Chemical Upcycling of Polyphenylene Sulfide at Room Temperature

Boning Gu 1, Chengliang Li 1, Xuefeng Jiang 1,2,
PMCID: PMC13088349  PMID: 41391045

Abstract

Polyphenylene sulfide (PPS) is a semi‐crystalline super engineering plastic with exceptional chemical resistance, thermal stability, and mechanical integrity. The rapidly growing consumption of PPS underscores an urgent demand for sustainable recycling strategies to promote circularity in the PPS industry. Chemical upcycling offers a compelling and sustainable strategy for plastic waste valorization. Herein, an efficient iron‐photocatalyzed chemical upcycling of PPS plastics with 1,2‐dichloroethane at room temperature is reported, affording recuperative chlorinated arylene monomer and valuable chloroacetic acid. Mechanistic investigation demonstrates chlorinated phenylthiyl species as the key intermediates generated from chlorine radical to mediate aryl C─S bond cleavage. The protocol establishes broad compatibility of eighteen commercial PPS resins and composite waste with gram‐scaled efficiency and effective degradation for mixed‐plastic matrix, offering a transformative paradigm for super engineering plastic upcycling.

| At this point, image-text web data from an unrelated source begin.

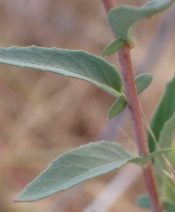 Clarkia unguiculata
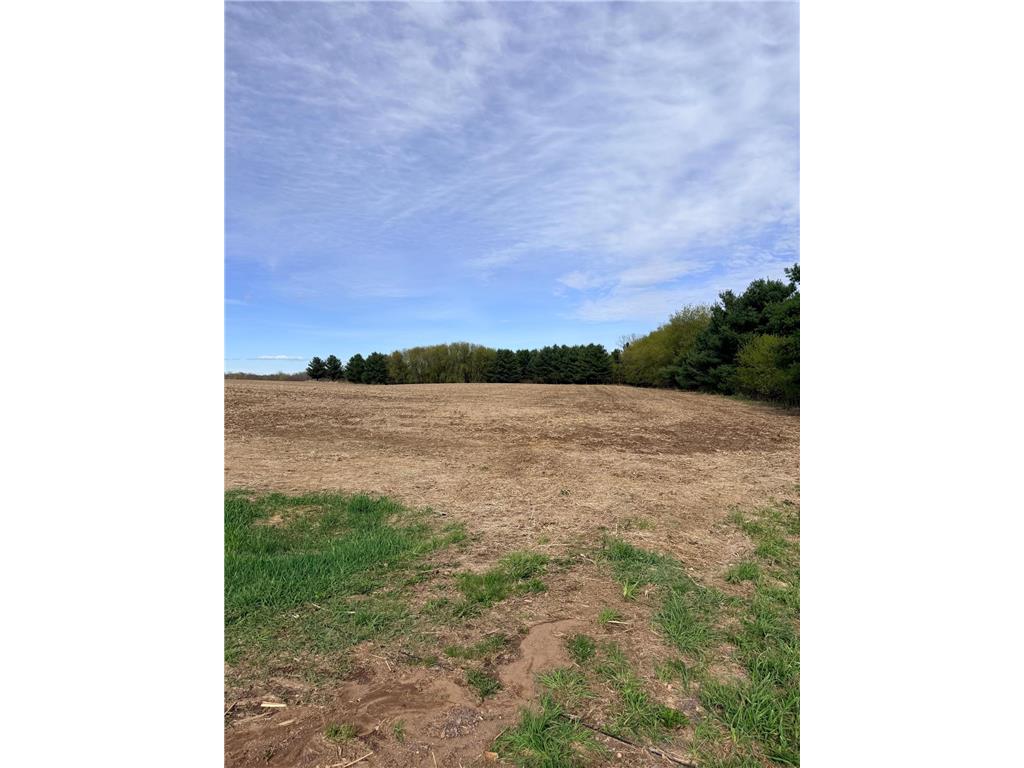 XXX Quinlan Avenue Amador Twp MN 55012 7063286 image1
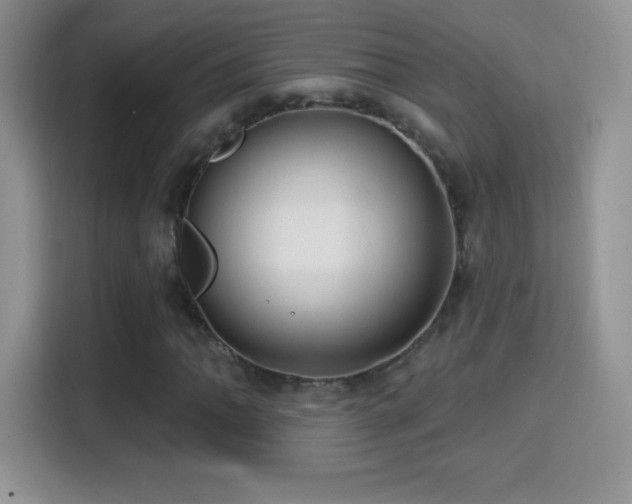X0000116011062200911251116
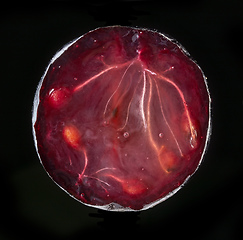 Image showing half of blackcurrant berry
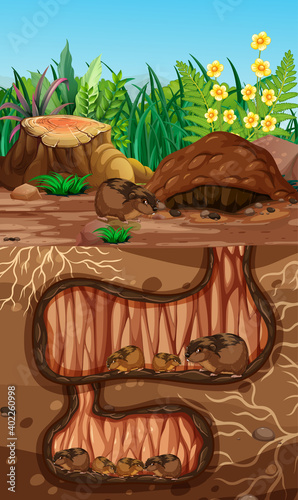 Underground animal hole with many talpidaes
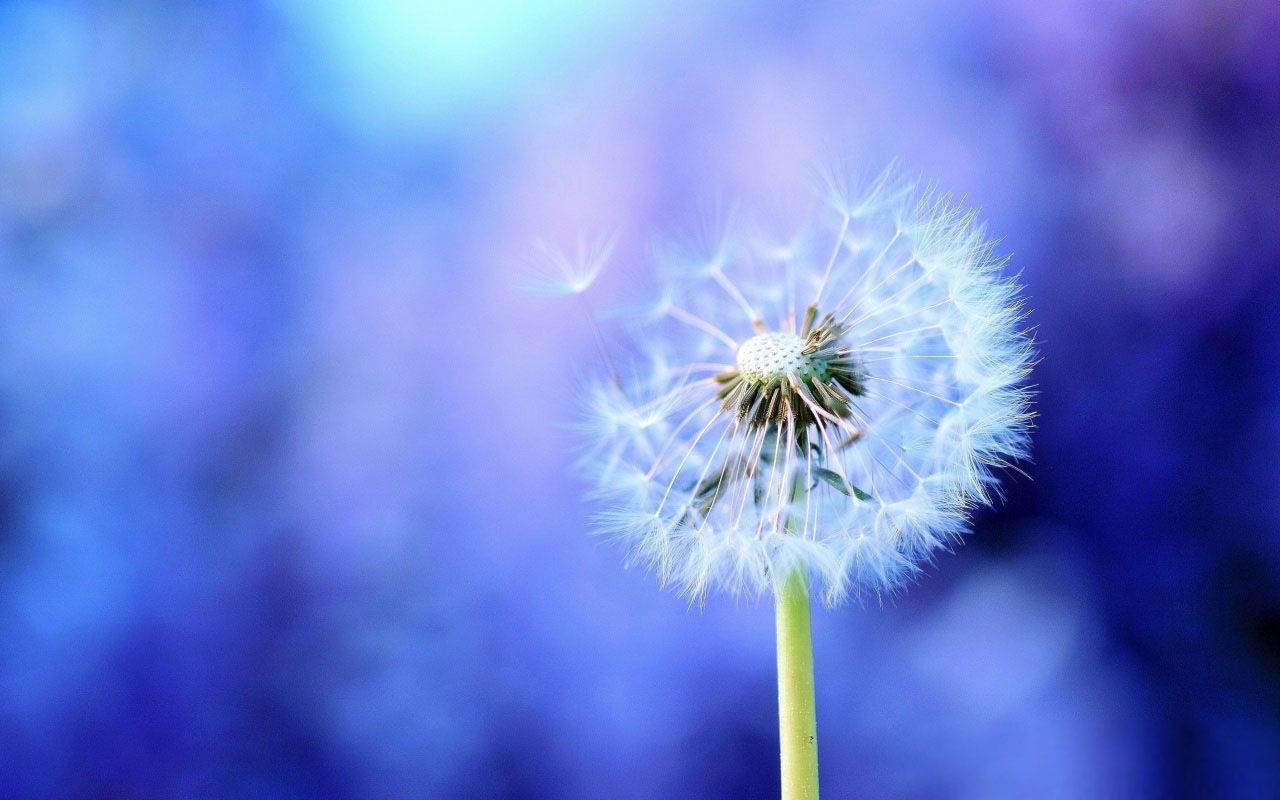 dandelion, fuzzy ball of seeds, dreamy blue blurred background, HD Desktop Wallpaper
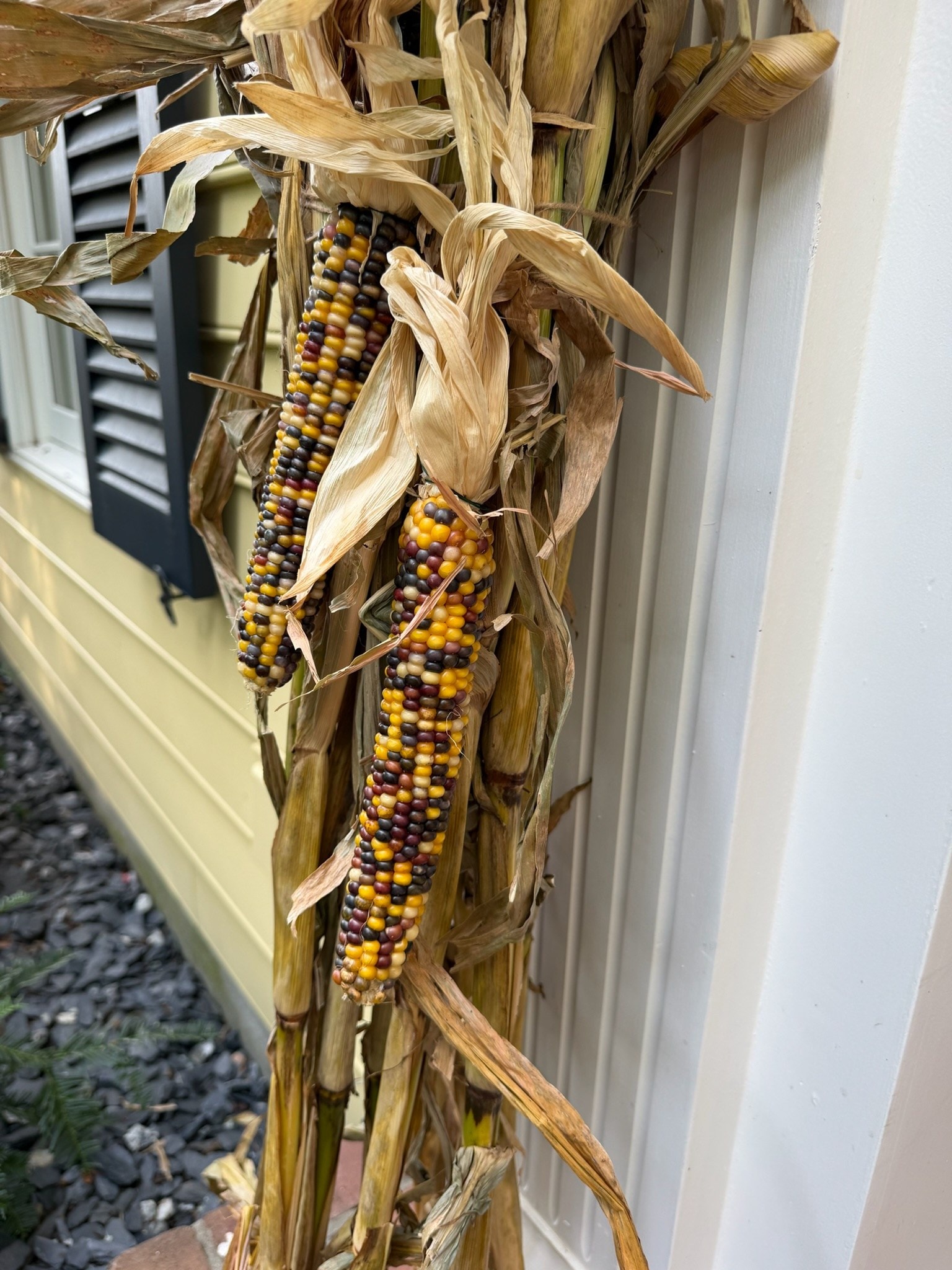 Multicolored ears of corn and dried husks tied against the white doorway trim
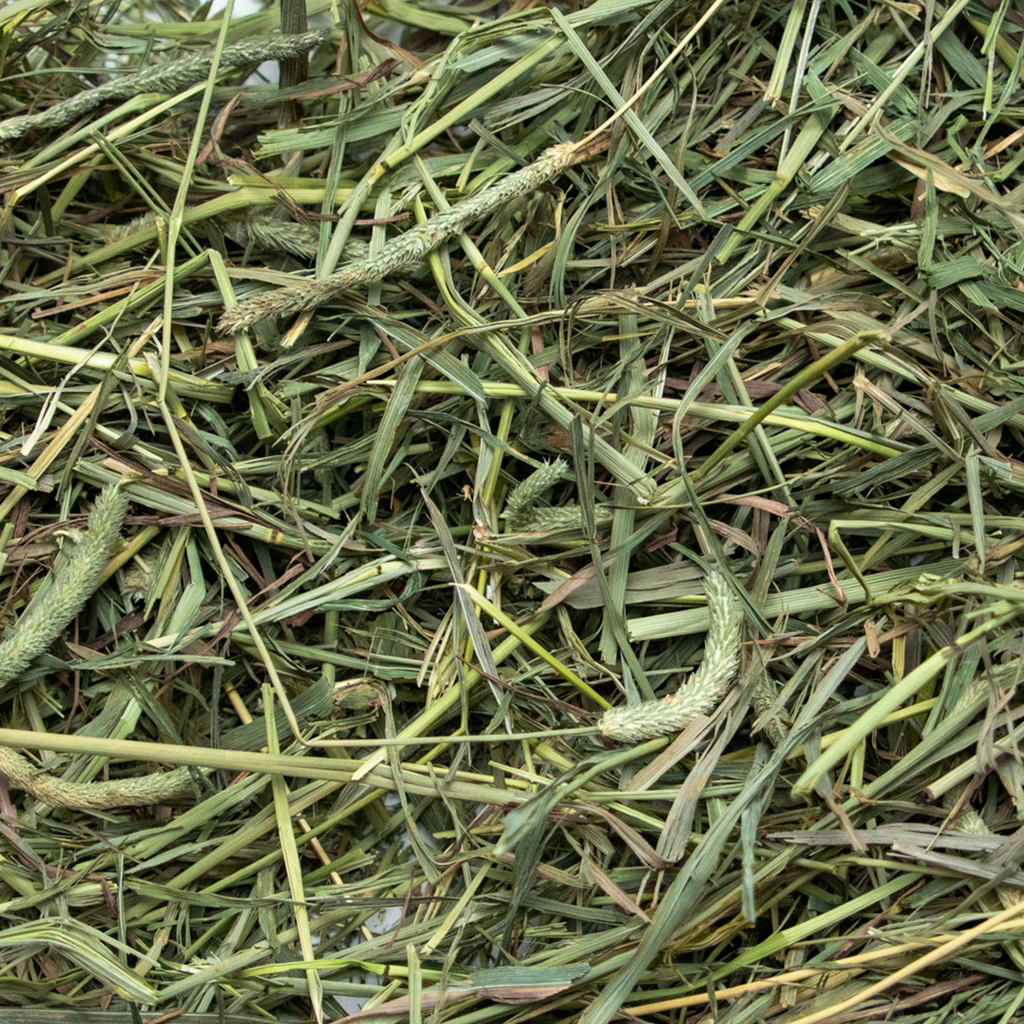 Medium Timothy Hay product image 4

Keywords: C–S bond cleavage, chemical upcycling, photocatalysis, plastic waste, polyphenylene sulfide


Poly(phenylene sulfide) (PPS) is a semi‐crystalline super engineering plastic with exceptional properties. An iron‐photocatalyzed strategy is reported for chemical upcycling of PPS plastics at room temperature using 1,2‐dichloroethane. The method demonstrates remarkable efficiency across diverse PPS resins and post‐consumer composites, even within mixed‐plastic waste streams, offering a practical and sustainable pathway for super engineering plastic upcycling.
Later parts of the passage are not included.